Managing inventory levels is one of the ways that retail stores control their costs. A key measure that they use is inventory turnover, or the amount of times in a year that they turn over their inventory. Store retailers turned over their inventory (cost of goods sold divided by the average inventory value) 5.9 times in 2013.

The cost of goods sold by retailers totalled $387.9 billion, or 73.1% of their operating revenue. The next highest expense item was total labour remuneration, at $57.6 billion, or 10.9% of operating revenue.

Non-store retailers accounted for 3.6% of retail operating revenue. The vast majority of sales were in the fuel dealers industry (52.6%) and in the electronic shopping and mail-order houses industry group (32.7%). The remaining sales were made up by other direct selling establishments (10.9%) and vending machine operators (3.7%).

In-store sales continued to account for the vast majority of retail operating revenue at 92.6%. E-commerce sales totalled $9.8 billion, or 1.8% of retail operating revenue.

  Note to readers

CANSIM tables 080-0028 to 080-0032 are replacing CANSIM tables 080-0012, 080-0013, 080-0023, 080-0025 and 080-0026, which have been terminated with this release.

Changes in methodology were made to the Annual Retail Trade Survey and the Annual Retail Non-store Survey. Users should, therefore, exercise caution when comparing 2013 data with historical datasets. For more information on the methodology changes, consult the document on the Integrated Business Statistics Program in the Behind the data feature of our website.

Beginning with this release, data are based on the 2012 North American Industrial Classification System.

The publication Annual Retail Trade (Catalogue number63-270-X) is no longer available. Data from the Annual Retail Trade Survey and the Annual Retail Non-store Survey will now be released in CANSIM.

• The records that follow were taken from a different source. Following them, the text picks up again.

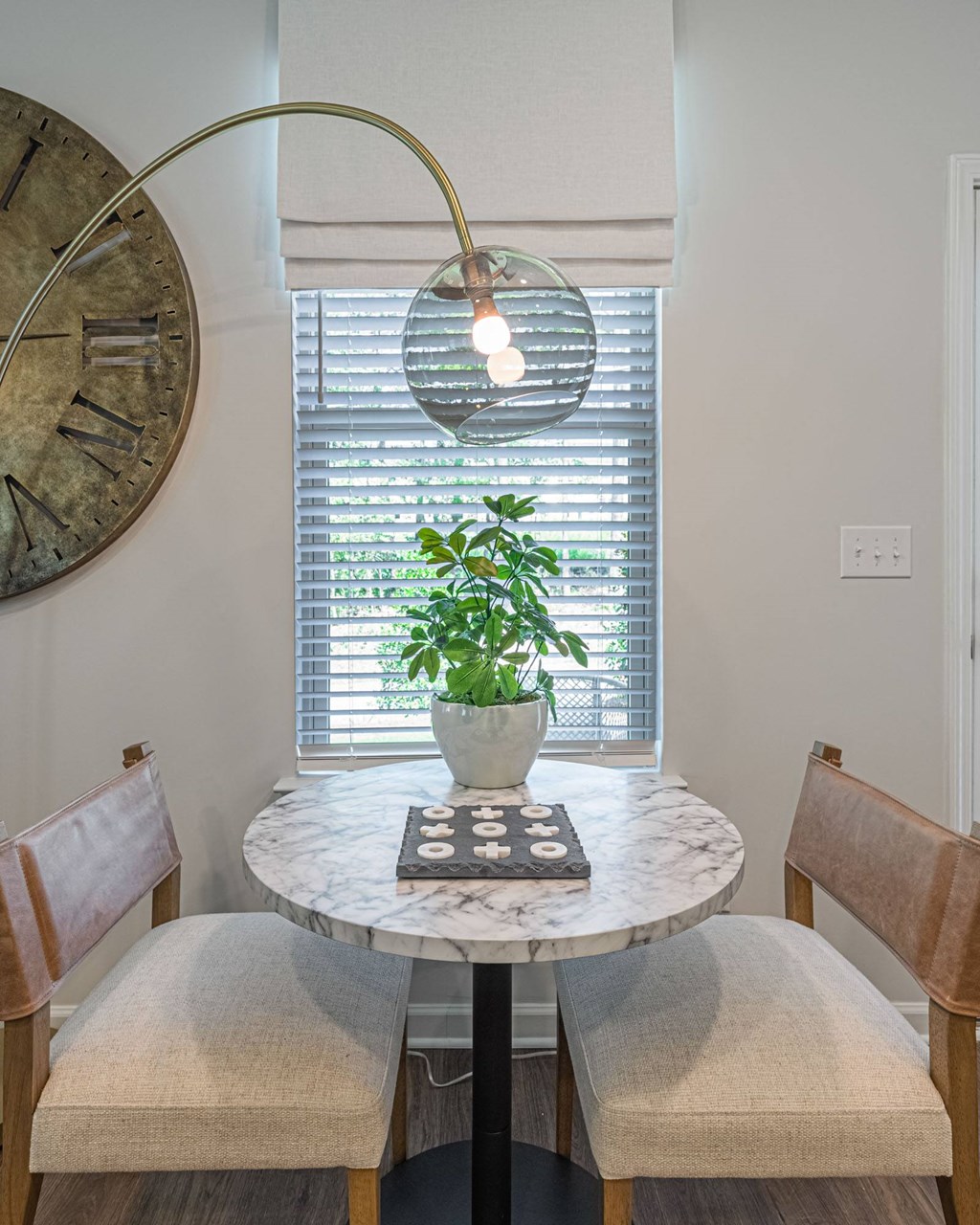 a dining room with a table and chairs and a window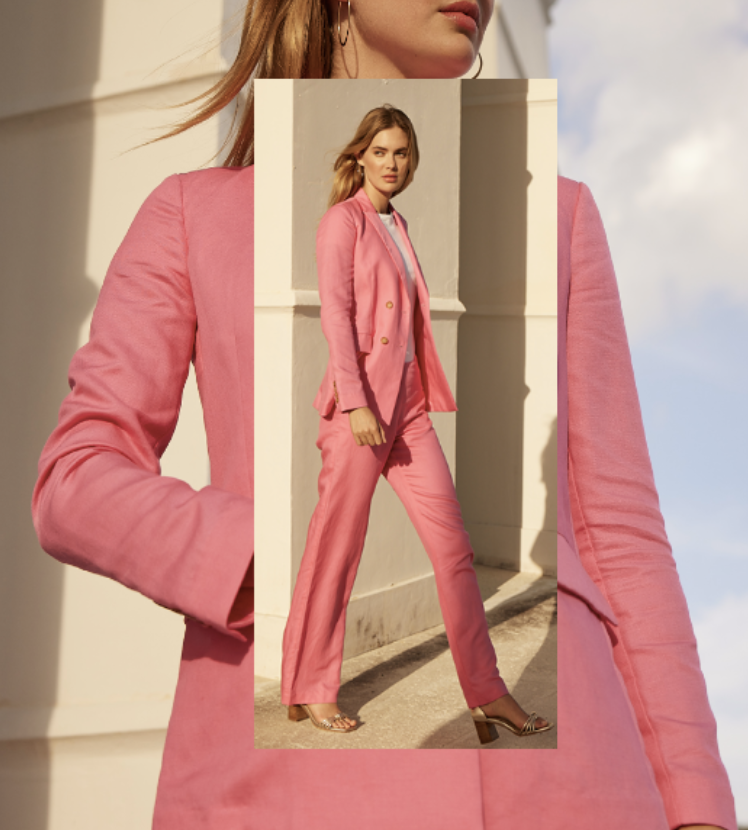 A woman standing outdoors in a pink pantsuit with a blazer and matching trousers, posing against a beige wall with sunlight and clouds visible in the background.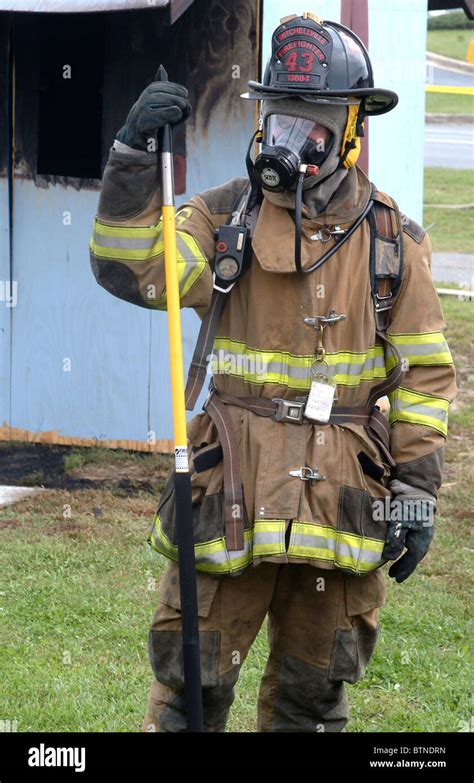 portrait of a firefighter in full turnout gear Stock Photo - Alamy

This release combines data from the Annual Retail Trade Survey and the Annual Retail Non-store Survey. The operating profit is obtained by subtracting total operating expenses and the cost of goods sold from total operating revenues. The ratio is expressed as a percentage of the total operating revenues. The gross margin is the difference between total operating revenue and the cost of goods sold.